Mais ce ne serait pas la seule cause du blanchiment des statues… Dans son Mythe de la Grèce blanche, Philippe Jockey avance que la Renaissance a aussi contribué à instaurer l’idée d’une statuaire blanche. Selon l’archéologue, c’est en effet à cette période, et avec le développement du néoclassicisme, que le blanc et le « mirage » d’une Antiquité immaculée se sont imposés. « C’est l’époque, souligne-t-il, où l’on découvre la statuaire romaine qui a copié la statuaire grecque… sans forcément reprendre ses couleurs associées au paganisme, alors rejeté. » Les nombreuses copies en plâtre des marbres de l’Antiquité réalisées à partir du XVIe siècle n’y sont pas non plus étrangères.
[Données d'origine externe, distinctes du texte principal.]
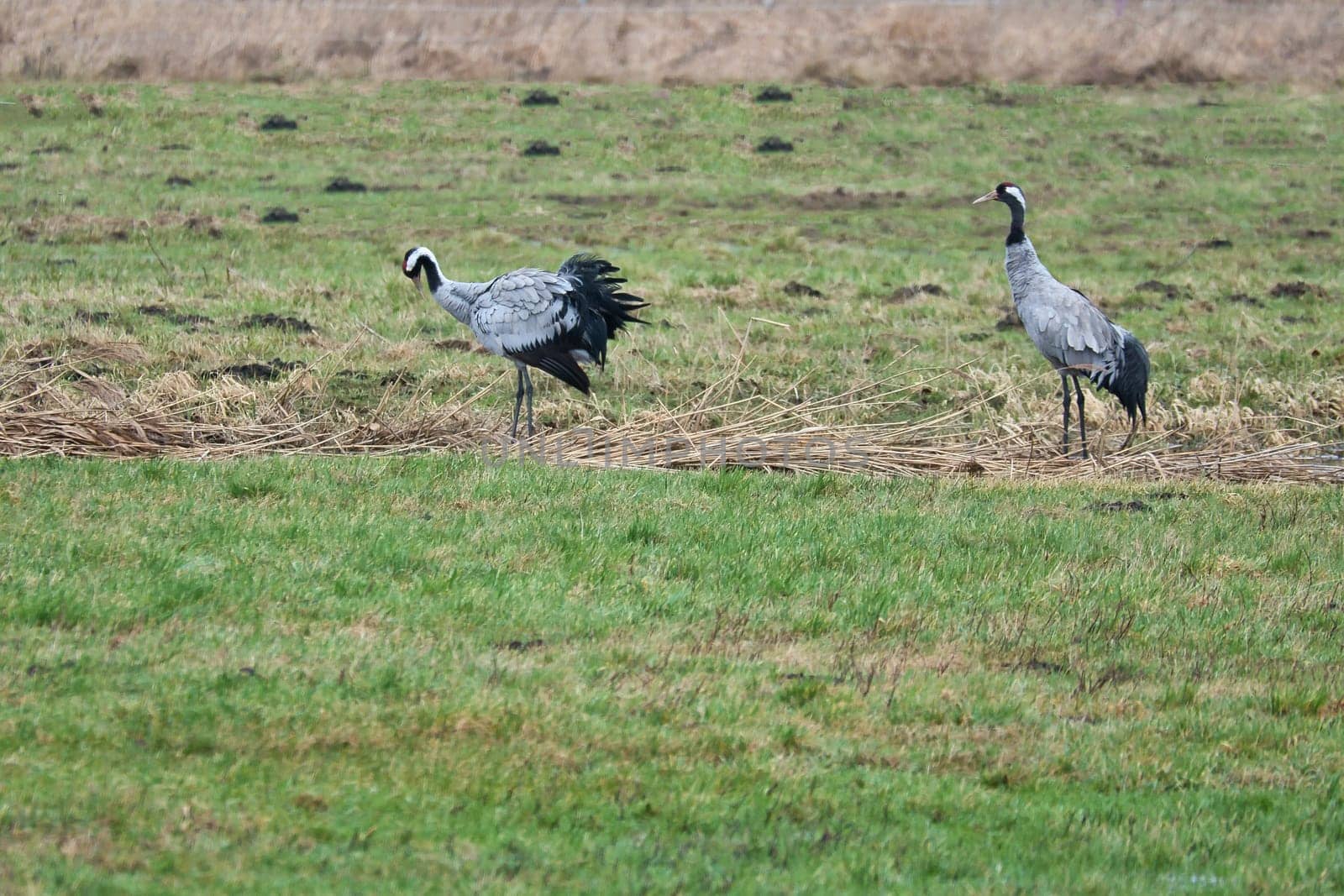 Cranes on a damp meadow. Wild birds foraging in the wild. Migratory birds in Germany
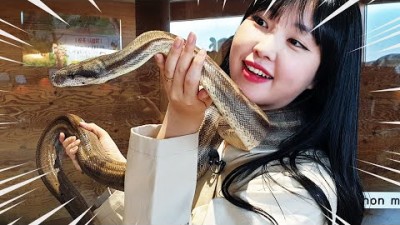 뱀이 귀여운 유라~ 곤충 박물관에 가다! 파충류편 자연 관찰 학습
Peu à peu, c’est l’image de la blancheur qui s’imprime dans notre mémoire collective et qui est valorisée dans l’histoire de l’art.

Le retour de la couleur

Aujourd’hui, les chercheurs tentent de redonner une seconde vie aux couleurs de la sculpture et de l’architecture du passé. Ce que s’emploie à faire depuis une trentaine d’années l’archéologue allemand Vinzenz Brinkmann en scrutant les traces de pigments sur les statues de marbre et en leur rendant leur lustre d’autrefois. Le résultat de ses expériences a d’ailleurs fait l’objet d’une exposition, « Gods in Colour », donnant à voir des statues antiques en taille réelle et avec les couleurs d’origine, du moins selon Brinkmann !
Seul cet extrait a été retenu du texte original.